I added all my medals, but was missing one: I did a half marathon back in 1999 and wanted to add that too! I looked high and low, but it hasn't yet turned up. However, while digging through old boxes, I did find this old medal, dated October 17, 1999:
It was from the Arturo Barrios Invitational, which was an annual 5k and 10k in the San Diego area (I just read that the race stopped in either 2005 or 2006). I had signed up for the 10k. I started running in 1998, and did countless 5ks in that year. In 1999 my husband and I also did the AFC Half Marathon (this is the medal I'm still searching for!) If I'm estimating my dates right, the Arturo Barrios 10k was a few months after the half marathon.
(As a side note, in looking up the Arturo Barrios 10k while writing this post, I just learned that Deena Drossin--otherwise known as DEENA KASTOR-- also ran the 10k that year.)
Anyhow, the course was set up as a 5k loop. To do the 10k a runner had to go around the course twice. I don't remember why, but for some reason I stopped after one lap--a 5k--instead of going around a second time.
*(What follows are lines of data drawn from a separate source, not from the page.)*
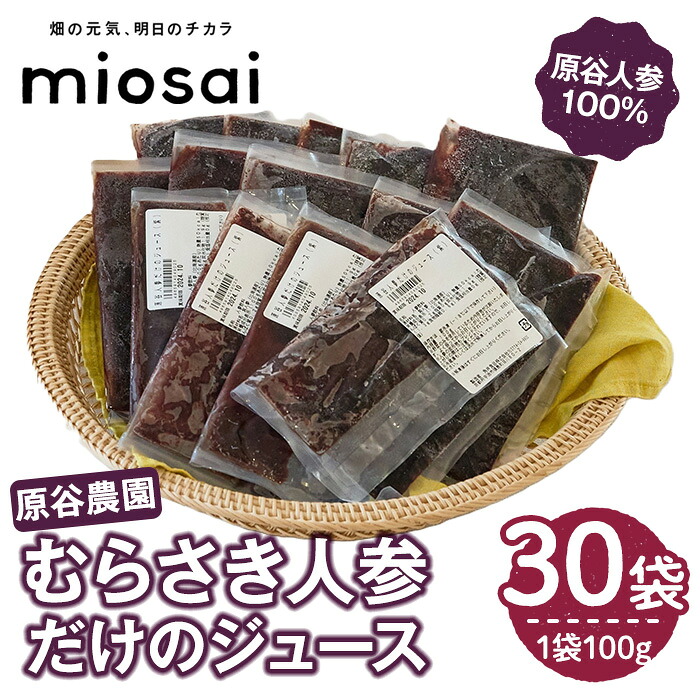 【ふるさと納税】<ミオサイ>原谷農園 むらさき人参だけのジュース(計30袋) 紫 ニンジン にんじん ジュース 野菜 北海道 原谷人参 【uj-DA004】【角井食品】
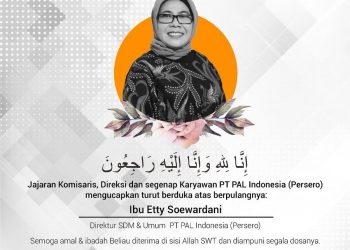 Direktur SDM & Umum PT PAL Etty Soewardani Tutup Usia
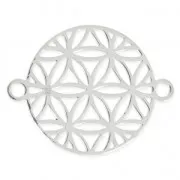 925 Sterling Silver Spacer Mandalas flower 15mm x1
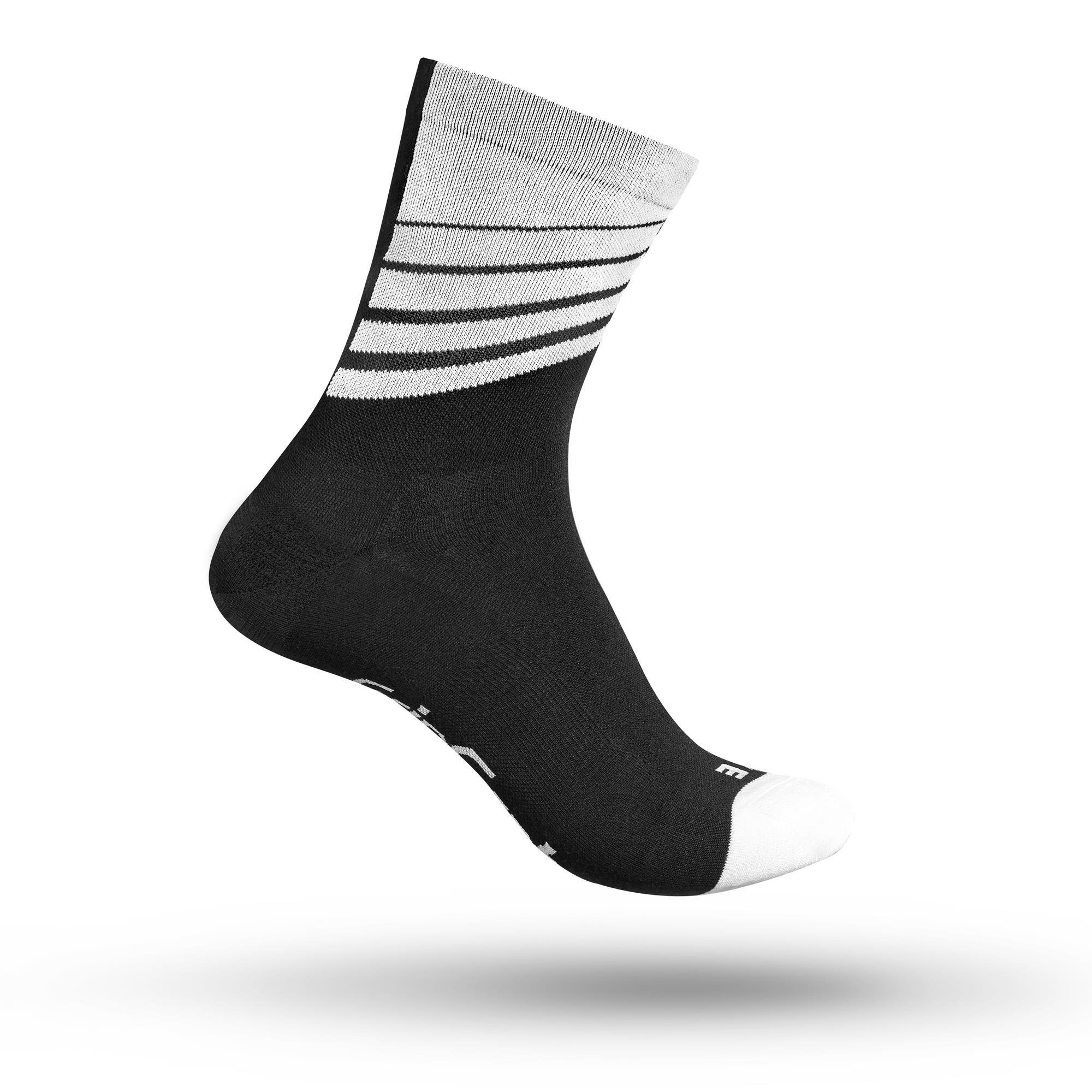 Beklædning - Skoovertræk - GripGrab Racing Stripes Sokker - Sort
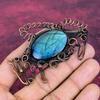 Labradorite Pendant Gemstone Pendant Handmade Copper Wire Wrapped Rabbit Pendant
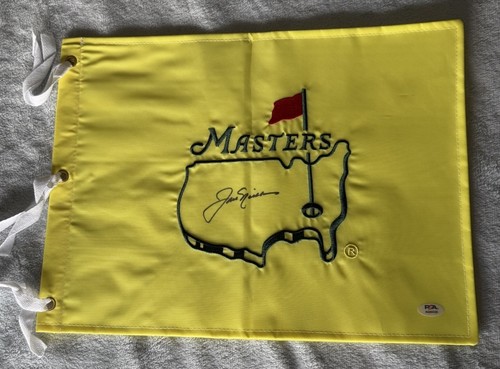 Jack Nicklaus Signed Undated Masters Flag Autographed Augusta National PSA/DNA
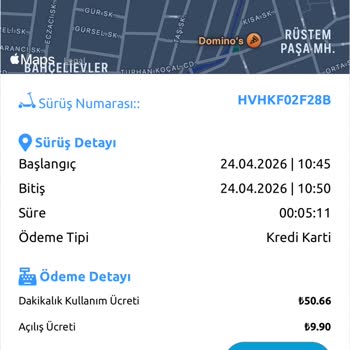 Hey Scooter Sistemdeki Hata Nedeniyle 600 TL Haksız Ücret ve Tehditkar Müşteri Hizmetleri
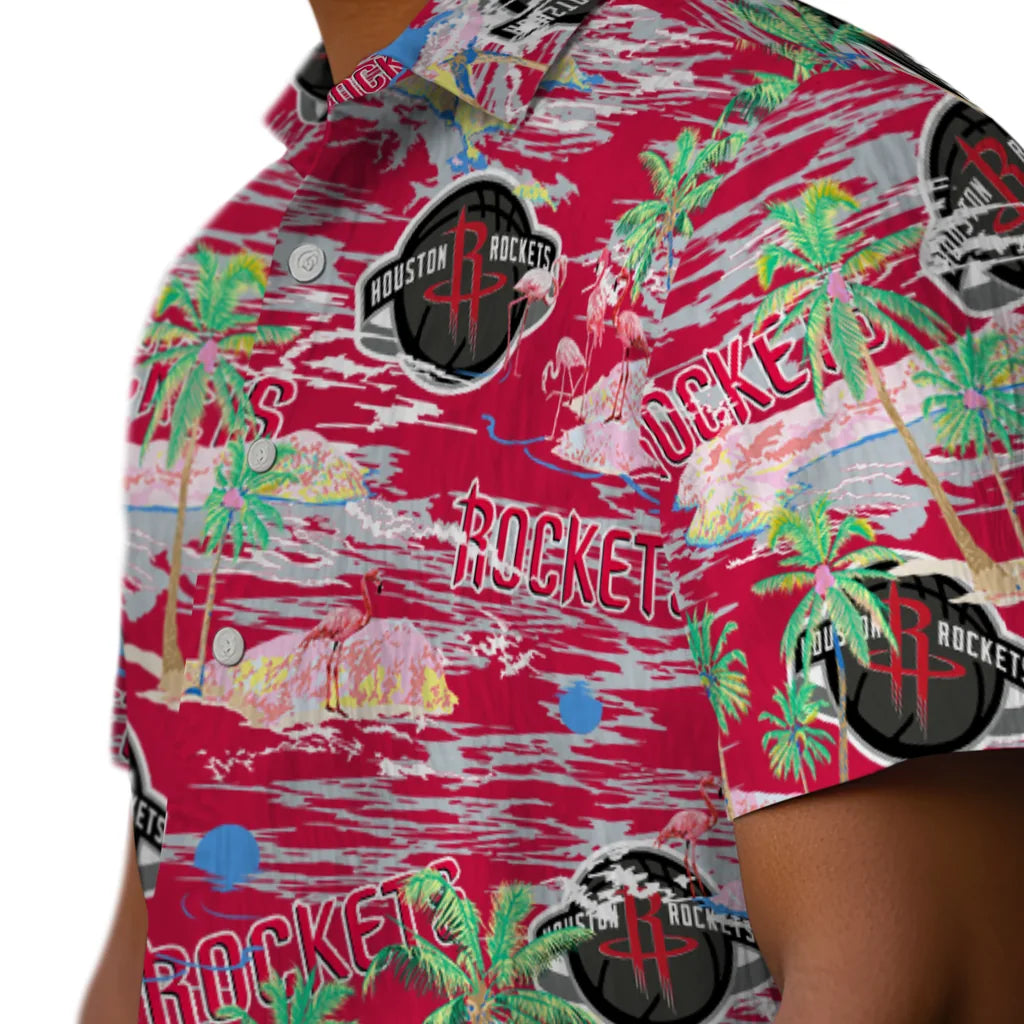 Houston Rockets Flamingo Retreat 2026 Hawaiian Shirt – Moonbestprint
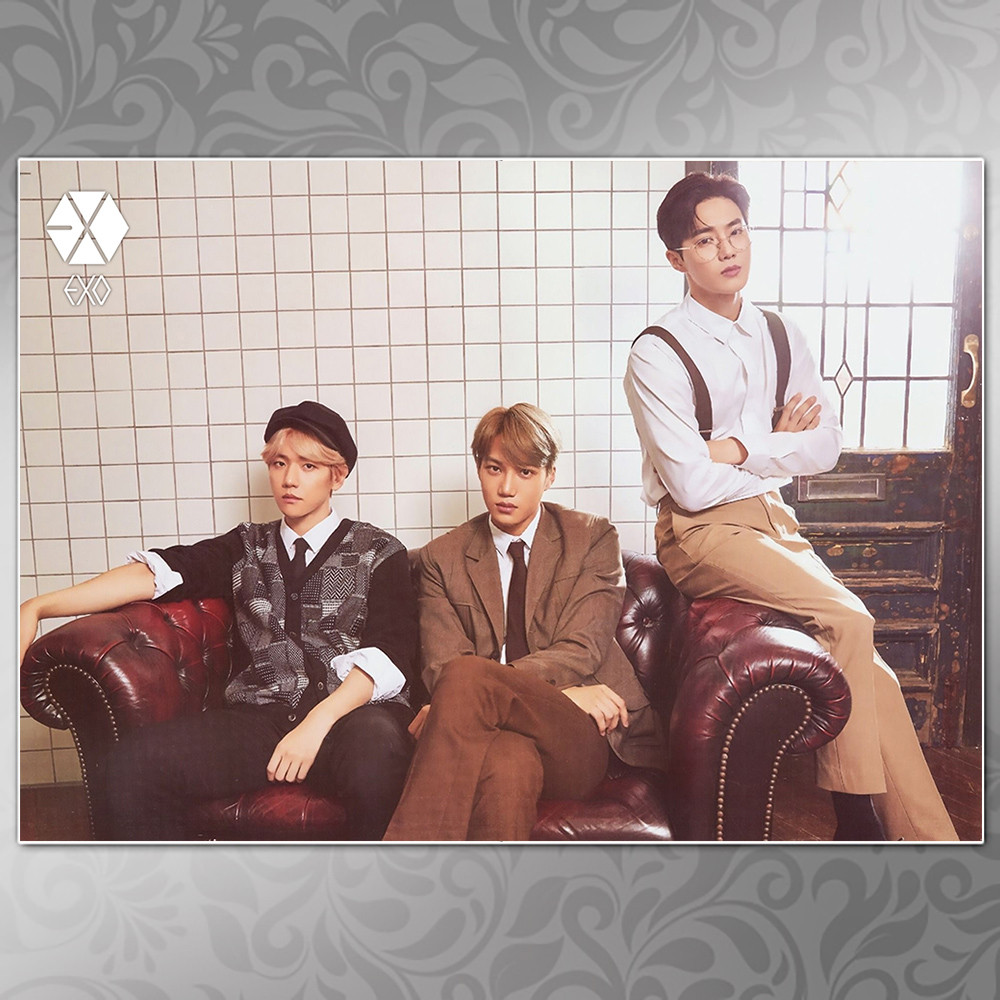 Плакат А3 K-Pop EXO 046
I was probably tired and maybe my legs hurt and no doubt I was mentally drained. But why I didn't do that second lap is beyond me. They gave me the medal (all 5k and 10k runners got one) but I didn't feel like I earned it. After all, even though I did the 5k I didn't do the race I had set out to do.
The person I was back in 1999 bears no resemblance to the woman I am today. That would NEVER happen now. I am very dedicated to my training, and would never "wimp out" of a race. I rarely wimp out of a training run/bike/swim, and if I do it's only because something is seriously wrong. I've become somewhat obsessive-compulsive with my training. For example, if I set out to do a 5 mile run, I am not stopping until my Garmin reads 5 miles. If I end and my Garmin only says 4.98 I will run the extra .02 miles to make it 5 miles. I can go OVER my goal (I wouldn't balk at my Garmin reading 5.03 miles, for example) but I need to do at least what I set out to do. Only injury, time constraints or equipment malfunction would make me fall short of a training goal (I've had leaky goggles that have made me stop a swim, or bike issues that made me call my husband to pick me up, etc).
The cartoon on the far right, created by Colin Hayes, sums me up pretty well:
Today I take my fitness, my goals and my life much more seriously. I am dedicated and committed.
I'm not sure what to do with the medal I found. I don't want to hang it on my new medal rack----it's connotations are too shameful for me to do that, as I didn't really earn it. But I don't want to throw it away, either, as seeing it reminds me of how far I've come. I think I will put it back in the box of momentos, and hope that never again I give up on myself.